My free online class on Coursera.org entitled Global Warming I: The Science and Modeling of Climate Change has already served 45,000 people (started, not finished) in the four times that it’s run. Now it’s set up in a new format, called “on demand mode”, which allows people to start, progress, and finish on their own calendars. This would be an advantage if a teacher wanted to use the material to supplement a class; a new cohort of learners is launched every month, so the next class start date is never more than a month away.
A new, supplemental class to the first one has been added and will come online on Monday, called Global Warming II: Create Your Own Models in Python or Fortran. This takes advantage of new code-grading machinery at Coursera to automatically run your code through its paces. There is also a peer code-review step, where you will get feedback on your commenting and variable-naming skills, and provide feedback to others. The class gives detailed instructions to create simple models of: time evolution of global temperature, the ice albedo feedback drop into snowball Earth, an ice sheet, and a shallow-water circulation model. The class is intended for people who are new to programming, or new to Python, or wish to enhance their understanding and appreciation of some cool science of Earth’s climate system.
The classes are supported by the same interactive on-line interactive climate system models as before, at http://climatemodels.uchicago.edu/, with some new additions, both of which generate animations of their time-dependent solutions.
One is a Hurricane simulator using a model from Kerry Emanuel, which can demonstrate the sensitivity of ocean temperature, ocean mixing, and atmospheric structure on hurricane evolution.

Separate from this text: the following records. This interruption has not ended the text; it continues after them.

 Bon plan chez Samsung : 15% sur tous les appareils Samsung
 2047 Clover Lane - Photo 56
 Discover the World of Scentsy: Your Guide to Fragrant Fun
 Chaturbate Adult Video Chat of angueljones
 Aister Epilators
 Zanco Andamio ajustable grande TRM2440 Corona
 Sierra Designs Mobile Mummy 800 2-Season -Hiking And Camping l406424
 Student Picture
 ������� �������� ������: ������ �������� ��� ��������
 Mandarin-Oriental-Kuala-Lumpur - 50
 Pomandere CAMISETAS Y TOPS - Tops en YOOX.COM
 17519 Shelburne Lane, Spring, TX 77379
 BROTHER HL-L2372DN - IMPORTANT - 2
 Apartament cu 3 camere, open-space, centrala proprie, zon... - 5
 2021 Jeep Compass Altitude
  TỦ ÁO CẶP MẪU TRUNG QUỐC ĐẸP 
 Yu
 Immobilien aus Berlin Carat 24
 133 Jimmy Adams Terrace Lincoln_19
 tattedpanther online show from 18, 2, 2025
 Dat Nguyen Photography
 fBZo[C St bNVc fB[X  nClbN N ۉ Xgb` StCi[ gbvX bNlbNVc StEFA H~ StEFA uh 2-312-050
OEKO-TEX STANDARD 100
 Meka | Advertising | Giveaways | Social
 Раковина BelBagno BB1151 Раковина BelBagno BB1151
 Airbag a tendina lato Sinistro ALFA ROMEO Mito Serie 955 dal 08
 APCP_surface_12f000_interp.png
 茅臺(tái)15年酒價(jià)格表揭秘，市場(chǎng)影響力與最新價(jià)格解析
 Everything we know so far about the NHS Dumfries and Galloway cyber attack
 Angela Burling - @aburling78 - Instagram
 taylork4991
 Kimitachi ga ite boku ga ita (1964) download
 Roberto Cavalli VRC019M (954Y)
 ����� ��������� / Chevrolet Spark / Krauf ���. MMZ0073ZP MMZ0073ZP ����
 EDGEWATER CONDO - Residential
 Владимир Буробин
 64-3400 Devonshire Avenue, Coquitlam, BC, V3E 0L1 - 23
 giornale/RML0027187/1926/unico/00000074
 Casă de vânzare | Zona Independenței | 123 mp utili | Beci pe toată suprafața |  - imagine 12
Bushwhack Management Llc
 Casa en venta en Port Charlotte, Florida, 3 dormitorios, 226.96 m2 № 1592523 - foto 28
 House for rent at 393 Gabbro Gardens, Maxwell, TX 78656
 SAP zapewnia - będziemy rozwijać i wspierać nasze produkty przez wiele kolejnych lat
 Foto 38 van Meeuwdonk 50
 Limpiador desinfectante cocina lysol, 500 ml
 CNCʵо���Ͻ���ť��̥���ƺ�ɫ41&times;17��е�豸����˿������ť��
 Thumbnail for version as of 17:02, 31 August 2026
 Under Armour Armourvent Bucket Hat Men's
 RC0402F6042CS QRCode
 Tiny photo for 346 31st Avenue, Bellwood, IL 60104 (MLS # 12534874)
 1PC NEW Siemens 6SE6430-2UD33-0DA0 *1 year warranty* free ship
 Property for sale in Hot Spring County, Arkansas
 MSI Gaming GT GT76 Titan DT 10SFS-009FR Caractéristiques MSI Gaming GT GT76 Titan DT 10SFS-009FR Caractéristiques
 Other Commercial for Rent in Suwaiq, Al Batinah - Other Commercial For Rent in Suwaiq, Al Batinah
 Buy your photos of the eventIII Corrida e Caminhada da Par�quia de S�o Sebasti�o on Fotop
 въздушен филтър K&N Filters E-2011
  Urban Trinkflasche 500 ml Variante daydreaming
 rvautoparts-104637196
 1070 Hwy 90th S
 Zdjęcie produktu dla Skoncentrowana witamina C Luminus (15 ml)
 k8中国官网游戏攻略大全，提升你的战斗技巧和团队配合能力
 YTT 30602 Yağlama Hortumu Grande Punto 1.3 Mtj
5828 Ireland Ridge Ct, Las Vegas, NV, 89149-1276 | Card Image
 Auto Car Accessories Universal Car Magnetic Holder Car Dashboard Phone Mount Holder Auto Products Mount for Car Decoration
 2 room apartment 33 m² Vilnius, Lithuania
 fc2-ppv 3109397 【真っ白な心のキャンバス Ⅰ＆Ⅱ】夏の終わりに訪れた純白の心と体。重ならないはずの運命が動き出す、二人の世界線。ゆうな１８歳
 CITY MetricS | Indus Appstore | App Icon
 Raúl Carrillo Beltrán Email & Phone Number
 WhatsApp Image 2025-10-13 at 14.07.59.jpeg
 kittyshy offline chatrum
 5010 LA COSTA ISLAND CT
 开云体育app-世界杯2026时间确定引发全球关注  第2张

The other, the Permafrost model, is a simulation of a soil or sediment column in which ice and methane hydrate can form. The model shows how the brine salinity thermodynamically excludes methane hydrate from forming until you get to the base of the permafrost zone, and also how long it takes to warm a soil column by warming the surface. This model shows why I do not believe in an imminent methane climate catastrophe from Arctic Ocean methane hydrates.